**Extracted material**

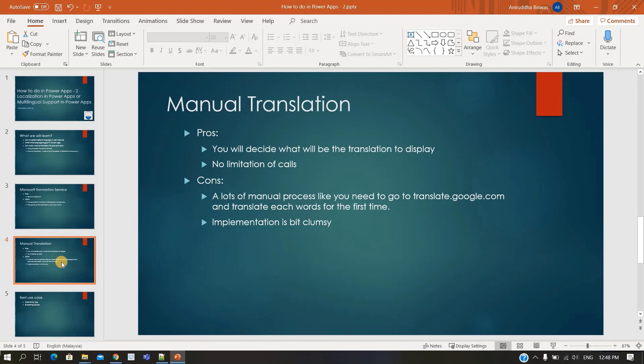For manual translation, the pros are: you control the quality of translation, there is no call limitation, and it is fast because the dictionary collection is loaded at startup and available immediately. The cons are: it is a manual process — every time you need to go to translate.google.com, get the translation, and paste it into the master SharePoint list. Implementation is also not very quick since you need to filter the dictionary with a keyword to get each translated value.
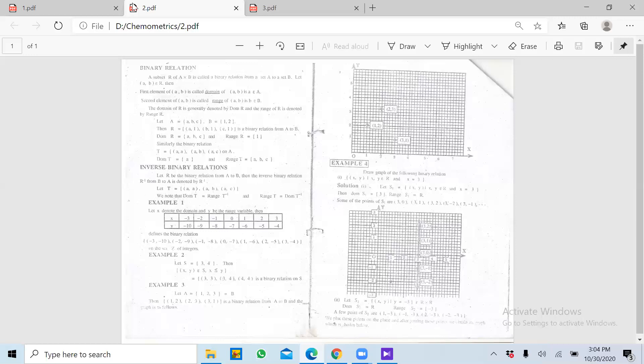Jo values aapas mein relate karti hain, hum unki base ke upar function generate karte hain. Agar hum X ki values dekhein to for example woh hain 1, 2, 3, 4, 5, 6, 7, 8, 9 aur jo humare paas Y ki values hain woh for example hain 1, 4, 9. In between jo values hain aap unko bhi consider kar sakte hain.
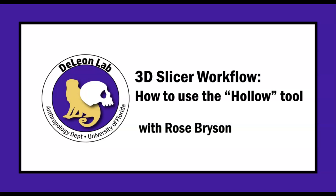Hello, my name is Rose and in today's tutorial we're going to talk about how to use the hollow tool in 3D slicer.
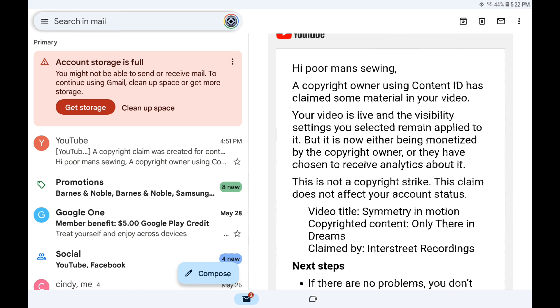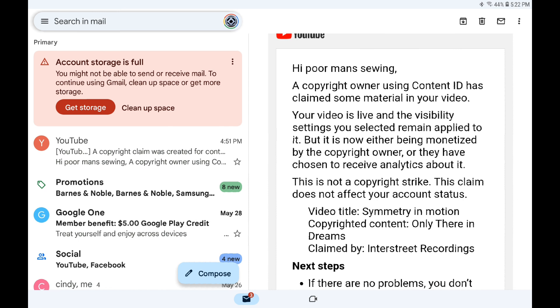It says 'Poor Man Sewing. A type of copyright owner used Content ID to claim some material in your video.' If you go on down it says video title 'Symmetry of Symmetry in Motion.' The copyright is 'Only There in Dreams.' So now how in the world can that be a copyright strike but not a copyright strike?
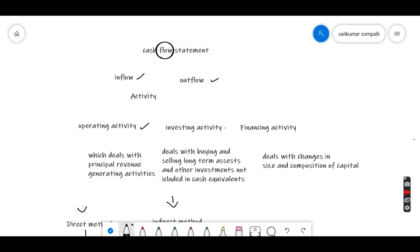For the cash flow statement, we classify activities into three types: operating activity, investing activity, and financing activity. Operating activity deals with the principal revenue-generating activities. For example, if your main business is selling clothes, any expenses you incur while selling the clothes are operating cash outflows, and any income you earn from your main business is an operating cash inflow.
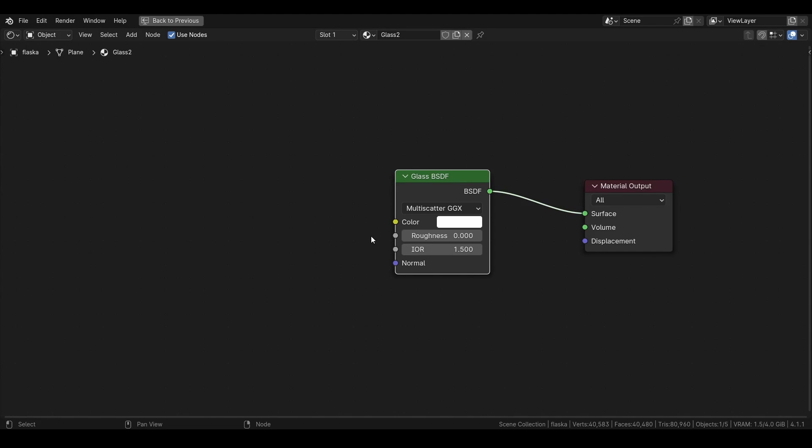Alright, so you have seen the thumbnail. We will create a glass shader. This glass shader is mainly for glass bottles. I don't think this will look as good as it does on normal glass.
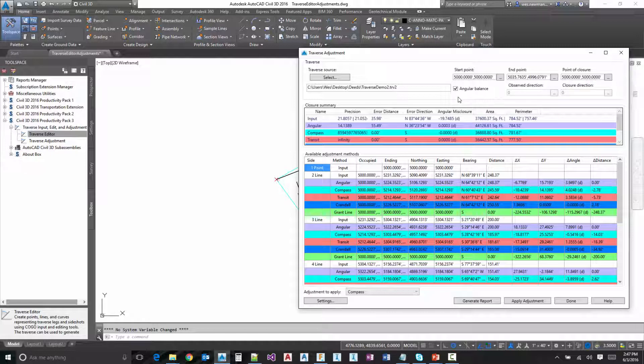If it is what's called an open Traverse, where you would foresight on something else that you knew the angle to, then you would key in the observed direction that you measured and then also the closure direction is. And then from that, we would calculate the misclosure and apply that appropriately.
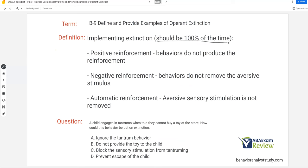When implementing extinction, it should be done 100% of the time — as close to 100% as possible. When designing an extinction procedure, you need to make sure the stakeholders are on board. If there's a mom, dad, teacher, or somebody who's not willing to do extinction 100% of the time, you might have to consider other options. If we don't do it 100% of the time, the learner starts to get reinforced intermittently. We can potentially make the behavior worse — putting it on extinction five days a week and then one day they get reinforcement makes the schedule thinner and thinner, which makes it harder to put on extinction. If they receive reinforcement every six days, it's much harder to withhold than with a tight reinforcement schedule.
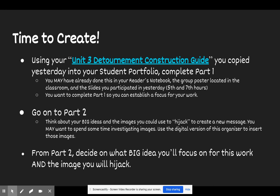Part two is a lot about playing and tinkering with ideas that you could create. It's what we would consider brainstorming or pre-writing in the writing process. From part two, decide on what big idea you'll focus on for this work and the image you will hijack. It's basically taking the ideas you brainstormed or pre-wrote, deciding on one concept, and moving forward with that concept.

**Work item**
Look above for the line containing "Alright, so you", then copy exactly from it through the line containing "When implementing extinction, it", keeping both and leaving out pictures. Add nothing else.

**Exercise solution**
Alright, so you have seen the thumbnail. We will create a glass shader. This glass shader is mainly for glass bottles. I don't think this will look as good as it does on normal glass.
If it is what's called an open Traverse, where you would foresight on something else that you knew the angle to, then you would key in the observed direction that you measured and then also the closure direction is. And then from that, we would calculate the misclosure and apply that appropriately.
When implementing extinction, it should be done 100% of the time — as close to 100% as possible. When designing an extinction procedure, you need to make sure the stakeholders are on board. If there's a mom, dad, teacher, or somebody who's not willing to do extinction 100% of the time, you might have to consider other options. If we don't do it 100% of the time, the learner starts to get reinforced intermittently. We can potentially make the behavior worse — putting it on extinction five days a week and then one day they get reinforcement makes the schedule thinner and thinner, which makes it harder to put on extinction. If they receive reinforcement every six days, it's much harder to withhold than with a tight reinforcement schedule.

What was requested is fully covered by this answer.